On the original question/idea - the problem, as identified by another poster is scale - even if there is a profit to be made from recycling the green bin contents (and I'm not sure that there is), I don't think you'd find anyone to buy your little weekly contribution. It's like the old clothes collections that makes so much money for the mainly east-european collectors - they get €x per tonne - but per item, it's probably a tiny amount - it's all about scale.
 
You do by default as green bins are emptied for free whereas all other waste is charged for.

Other than that, buy Greenstar off the receivers and see how you get on.


Where I live I pay per lift and the green recycling bins are charged seperately too.
 
A decent sized Resident's Association or a few combined might be able to sort the most valuable items. I see that you can sell a black bag of unwanted clothes for about €10 depending on weight. Would crushed cans in bulk be of interest to anyone?
 
It's all semantics anyway, as once we start paying the property tax I'm sure our rubbish will be collected as it is in every other european country with a property tax :rolleyes:
 
I see that you can sell a black bag of unwanted clothes for about €10 depending on weight.
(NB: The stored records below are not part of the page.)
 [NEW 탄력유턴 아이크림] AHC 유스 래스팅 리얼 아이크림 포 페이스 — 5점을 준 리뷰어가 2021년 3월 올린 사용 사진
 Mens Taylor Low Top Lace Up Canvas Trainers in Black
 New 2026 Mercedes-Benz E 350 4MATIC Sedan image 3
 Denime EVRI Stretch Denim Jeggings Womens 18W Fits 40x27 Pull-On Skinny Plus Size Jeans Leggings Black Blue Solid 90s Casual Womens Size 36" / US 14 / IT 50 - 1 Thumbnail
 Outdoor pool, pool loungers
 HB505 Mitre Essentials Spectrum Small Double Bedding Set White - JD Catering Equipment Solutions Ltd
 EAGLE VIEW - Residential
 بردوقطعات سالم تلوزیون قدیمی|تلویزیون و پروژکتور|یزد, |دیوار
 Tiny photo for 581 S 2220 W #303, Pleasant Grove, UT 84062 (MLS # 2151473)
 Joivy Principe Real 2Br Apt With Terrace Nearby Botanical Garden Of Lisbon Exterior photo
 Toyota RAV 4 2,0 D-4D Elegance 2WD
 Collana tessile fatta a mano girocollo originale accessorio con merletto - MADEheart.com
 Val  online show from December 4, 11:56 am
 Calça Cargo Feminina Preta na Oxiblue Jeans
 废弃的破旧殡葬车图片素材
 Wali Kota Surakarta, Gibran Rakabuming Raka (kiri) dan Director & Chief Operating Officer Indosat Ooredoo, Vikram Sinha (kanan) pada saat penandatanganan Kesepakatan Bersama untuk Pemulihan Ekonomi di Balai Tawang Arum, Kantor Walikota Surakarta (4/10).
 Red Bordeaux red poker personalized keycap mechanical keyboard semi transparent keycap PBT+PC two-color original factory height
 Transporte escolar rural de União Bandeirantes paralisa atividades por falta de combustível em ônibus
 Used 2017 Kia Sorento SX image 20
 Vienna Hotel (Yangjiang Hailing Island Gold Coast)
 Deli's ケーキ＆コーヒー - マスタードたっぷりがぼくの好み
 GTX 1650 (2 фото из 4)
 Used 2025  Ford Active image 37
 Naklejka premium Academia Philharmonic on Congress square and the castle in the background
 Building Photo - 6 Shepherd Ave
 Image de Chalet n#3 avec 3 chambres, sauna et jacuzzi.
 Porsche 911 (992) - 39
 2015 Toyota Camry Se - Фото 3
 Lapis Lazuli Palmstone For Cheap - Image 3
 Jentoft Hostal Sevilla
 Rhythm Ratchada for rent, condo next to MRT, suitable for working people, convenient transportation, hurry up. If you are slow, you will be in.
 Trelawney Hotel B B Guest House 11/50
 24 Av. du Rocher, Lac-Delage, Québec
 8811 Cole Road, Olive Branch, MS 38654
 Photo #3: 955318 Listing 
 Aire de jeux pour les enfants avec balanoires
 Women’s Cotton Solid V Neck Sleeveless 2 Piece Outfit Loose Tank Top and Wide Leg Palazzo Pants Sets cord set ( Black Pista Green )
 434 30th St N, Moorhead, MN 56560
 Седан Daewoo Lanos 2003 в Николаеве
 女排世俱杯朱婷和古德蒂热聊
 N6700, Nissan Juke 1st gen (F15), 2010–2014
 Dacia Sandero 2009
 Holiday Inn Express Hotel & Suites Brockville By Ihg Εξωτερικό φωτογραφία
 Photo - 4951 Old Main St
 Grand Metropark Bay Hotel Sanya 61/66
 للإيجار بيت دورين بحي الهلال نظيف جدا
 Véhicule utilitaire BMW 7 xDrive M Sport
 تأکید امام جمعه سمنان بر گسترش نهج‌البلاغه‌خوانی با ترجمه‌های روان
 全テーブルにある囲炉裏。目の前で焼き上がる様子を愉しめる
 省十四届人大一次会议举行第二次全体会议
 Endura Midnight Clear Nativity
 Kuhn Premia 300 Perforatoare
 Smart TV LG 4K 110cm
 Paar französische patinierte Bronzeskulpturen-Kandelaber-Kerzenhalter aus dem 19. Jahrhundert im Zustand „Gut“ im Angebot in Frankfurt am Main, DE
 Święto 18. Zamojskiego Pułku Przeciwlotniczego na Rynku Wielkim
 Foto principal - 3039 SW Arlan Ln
70/80c per kilo seems to be the going rate. You'd need large volumes to move up from the bottom rung of the supply chain.

Would crushed cans in bulk be of interest to anyone?

Most scrap metal dealers will buy clean crushed cans, and will pay up to €700 per tonne if you deliver to them. Mind you, that is 68,000 cans though! How much time/money would it take to collect/compact and transport that volume? If you have 200 people drinking a can a day, you'll get to the tonne mark in just under a year.